Por sorte, as escolas são
marcadas pela dialeticidade dos seus cotidianos impedindo que seja totalmente
formativa conforme as determinações capitalistas. Os professores, estudantes,
funcionários e pais de alunos são capazes de lhe impor resistências, quando se
insurgem contra a escola reprodutivista forçando-a a ir para diante, a relaxar
os determinantes do capital.
O campo em que a escola se
inscreve é constantemente tensionado pelas forças sociais organizadas.
Movimentos, institutos e fundações claramente capitalistas, tais como o Todos
pela Educação, Escola Sem Partido, Instituto Ayrton Senna, Itaú Cultural,
Fundação Xuxa Meneguel, Fundação Roberto Marinho, Fundação Bradesco e tantos
outros, se empenham em garantir que a escola cumpra o seu desígnio de desenvolver
com qualificação e competência o futuro trabalhador e cidadão burguês. São
egoístas por excelência porquanto exigem uma formação especial, exclusiva para
a sociedade burguesa. Ou como dizia Marx, exigem a “formação de homens
egoístas, de homens separados dos homens e da comunidade (...), recolhidos aos
seus interesses privados e aos seus caprichos privados (Sobre a questão
judaica, Boitempo, 2010, p. 48 e 50).
Outros movimentos, em oposição,
lutam por uma escola que deixe de condenar eternamente as nossas crianças e
jovens à condição de trabalhadores assalariados explorados. Não querem a
formação de seres humanos passivos, simplesmente conformados pela sociedade
capitalista. Eles lutam pela emancipação dos seres humanos de seu egoísmo,
individualismo, isolacionismo e desorganização. Lutam por uma escola que
permita aos homens e mulheres se organizarem como “forças próprias, como forças
sociais, e, em consequência, não mais se separem de si mesmos a força social na
forma da força política. Enfim, que sejam observadores e conhecedores das
coisas, trabalhadores associados e fruidores das delícias que existem na face
da Terra.
A palavra de ordem destes
movimentos, essencialmente humanistas e cristãos, é que as escolas deixem de
adorar o “deus do mercado”, que se “mundanizou” e “se transformou em deus do
mundo”.
[1]
Professor Titular da Faculdade de Educação da Universidade do Estado do Rio de
Janeiro. Coordenador Geral do PPG Desenvolvimento e Educação Teotonio dos
Santos (ProDEd-TS)
2 comentários:
Boa reflexão, professor. Deixo uma questão: num país de dimensões continentais e grandes diversidades, bases curriculares regionais seriam interessantes?

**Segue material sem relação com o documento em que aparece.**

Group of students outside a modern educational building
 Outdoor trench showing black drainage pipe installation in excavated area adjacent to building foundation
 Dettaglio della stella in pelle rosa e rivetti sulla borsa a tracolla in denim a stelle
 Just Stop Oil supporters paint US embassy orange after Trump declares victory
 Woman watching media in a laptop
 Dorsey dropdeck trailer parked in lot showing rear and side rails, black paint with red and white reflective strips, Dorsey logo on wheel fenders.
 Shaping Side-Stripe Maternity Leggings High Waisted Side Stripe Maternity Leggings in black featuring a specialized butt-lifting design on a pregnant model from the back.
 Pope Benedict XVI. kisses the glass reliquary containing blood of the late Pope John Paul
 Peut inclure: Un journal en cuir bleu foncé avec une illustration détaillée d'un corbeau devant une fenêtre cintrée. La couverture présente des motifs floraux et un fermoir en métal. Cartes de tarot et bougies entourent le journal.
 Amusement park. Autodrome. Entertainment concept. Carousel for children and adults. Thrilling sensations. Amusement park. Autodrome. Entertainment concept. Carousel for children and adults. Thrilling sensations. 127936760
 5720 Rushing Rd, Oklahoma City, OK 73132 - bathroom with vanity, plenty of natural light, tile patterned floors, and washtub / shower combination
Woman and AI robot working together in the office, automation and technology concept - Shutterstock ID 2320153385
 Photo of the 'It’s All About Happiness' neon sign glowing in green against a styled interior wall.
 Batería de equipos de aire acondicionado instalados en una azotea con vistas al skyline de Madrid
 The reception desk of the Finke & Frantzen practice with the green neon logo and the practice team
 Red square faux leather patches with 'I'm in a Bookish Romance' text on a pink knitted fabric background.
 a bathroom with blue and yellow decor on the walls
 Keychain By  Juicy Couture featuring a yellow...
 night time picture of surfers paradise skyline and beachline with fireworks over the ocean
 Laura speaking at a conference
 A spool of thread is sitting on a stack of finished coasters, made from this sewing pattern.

Caro Rafael, obrigado pelo comentário.
As BCs regionais são interessantes sim. Mas também são necessários elementos unificadores. Nada contra BC para o N, S, Sudeste, Centro-Oeste e Norte. O problema é que somos brasileiros e não indivíduos circunscritos às suas regiões. Somos nordestinos, sulistas, nortistas etc mas somos, sobretudo, brasileiros: somos singulares e plurais. Isto quer dizer que as BCs precisam conter elementos regionais e Brasileiros. Se eu sair da minha região não sou um estrangeiro noutro território do Brasil.
Este principio tem validade ampla: sou nordestino e brasileiro e, ao mesmo tempo, cidadão do mundo. Não gosto da ideia de confinamentos regiões ou de guetos. Penso que o mundo é de todos nós e a conquista do mundo e das suas delícias deve ser um projeto de todos nós.